Cierto es que el ser humano tiene una fecha de caducidad desde el momento en el que nace. Frente a esta realidad innegable, nos resistimos a aceptarla y buscamos a través del lenguaje huir de su denominación. Hace unos años leí las reflexiones acertadas en esta materia de la también colega Maribel Peñalver en “Le tabou de la mort”, dentro del Dictionnaire de la mort (2010) que ella misma me regaló. Cuatro años antes mi hermano mayor había decidido también poner punto final a su existencia con un breve aviso unas cuantas horas antes de su desaparición: “vull acabar ja, no puc més”. Tal vez no ponemos nombre al acto, huimos de afrontar con valentía lo que sucedió y utilizamos eufemismos para intentar explicar lo que no podemos entender. Dejamos pasar el tiempo para olvidar las ausencias e intentamos frenar la reflexión de los primeros momentos buscando los porqués. Aprendemos con el paso del tiempo que todo acto no tiene necesariamente una lógica y abordamos entonces los para qué. Para aprender en la vida, para entender que podemos ser débiles si no sabemos anticiparnos a los problemas y que todo principio tiene un final sin más.

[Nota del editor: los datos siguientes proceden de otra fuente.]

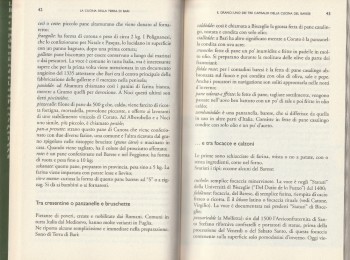 Foto 15 - Descrizione della bruschetta con i pomodori. Fonte: Sada (1991).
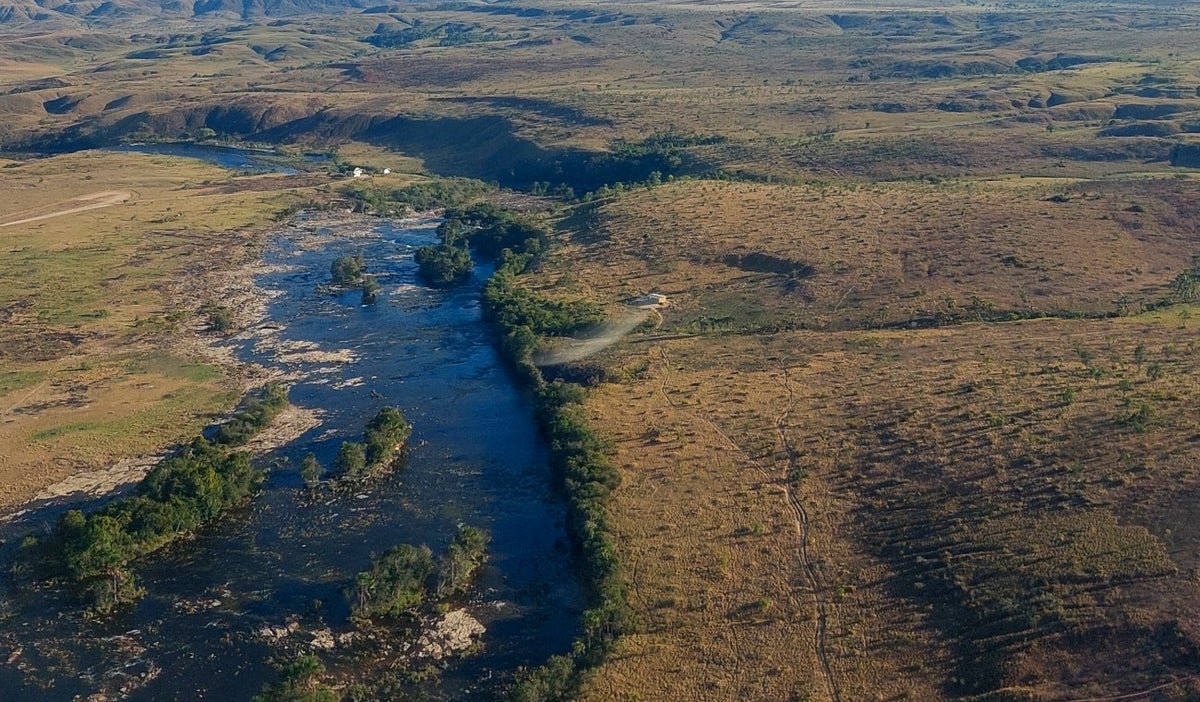 La región del Esequibo, en Guyana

Bonnett encuentra en su misma poesía el anticipo o el presagio que conllevó el final de su hijo. Así, en un poema titulado “La noticia”, siendo niño todavía su querido Daniel, había escrito: “la ola con su paréntesis vacío para siempre / que viene a recordarnos que vivir era esto, / que hacia ese lugar desde siempre veníamos”. Como ella reconoce en el ensayo publicado en 2013: “Daniel es mi paréntesis vacío”. La poesía ofrece ese mecanismo ancestral de transmisión de sentimientos y tal vez, como en el hecho relatado, una cierta presunción o avance del futuro. Nunca he creído en el azar, sino en el destino; una afirmación de dudosa consideración para quienes creen que todo en la vida tiene una lógica que se puede contrastar empíricamente. Seguramente porque la muerte, aunque es una realidad probada desde los parámetros de la ciencia, aparece sin avisar y sin ningún tipo de programación. Recuerdo el impacto del final de Carmen, la hija de nuestra colega. La incredulidad de una madre en la puerta del hospital donde se confirmaba la imposibilidad de vuelta atrás de ese cuerpo que había puesto su peculiar punto final. Me llevó a la mente el desenlace de mi hermano, unos cuantos años antes, tras su localización tras más de quince días desaparecido. Hoy, de nuevo, se me hace presente. Ni Carmen Alemany ni yo somos creadores de poesía, la leemos y analizamos para nuestro alumnado. Tal vez si fuéramos poetas podríamos haber expresado a través de los versos nuestra experiencia. Cada muerte tiene un sentimiento diferente para los que se quedan, pero sí que tiene –contraviniendo el título del ensayo de Bonnett– un nombre concreto: la persona que nos deja.

Ellas dos han sido mi referente porque han reconocido lo que la mente humana tiene tendencia a realizar: huir de los traumas e intentar seguir adelante. En mi caso, claro está, lo asumí, lo entendí, pero tal vez me quedaba pendiente la reflexión en público de lo acontecido. En el poema “Ya no el dolor sino la certidumbre”, Bonnett escribe “ahora, / ya no el dolor sino la certidumbre / de la dolida forma en que dolías”; un mensaje de evidencia y de seguridad frente a los que nos podemos atormentar por aquello de “no haber hecho lo suficiente” o “qué actuación habría evitado lo que pasó”. Cada muerte, cada desaparición, tiene un nombre. Por eso, me quedo con la satisfacción de poder compartir mi experiencia para tejer la red donde cada uno de nosotros encontremos el anhelo de la seguridad de que no estamos solos en momentos difíciles. Tal vez hoy, con la valentía de Bonnett y Alemany, por fin lo he entendido.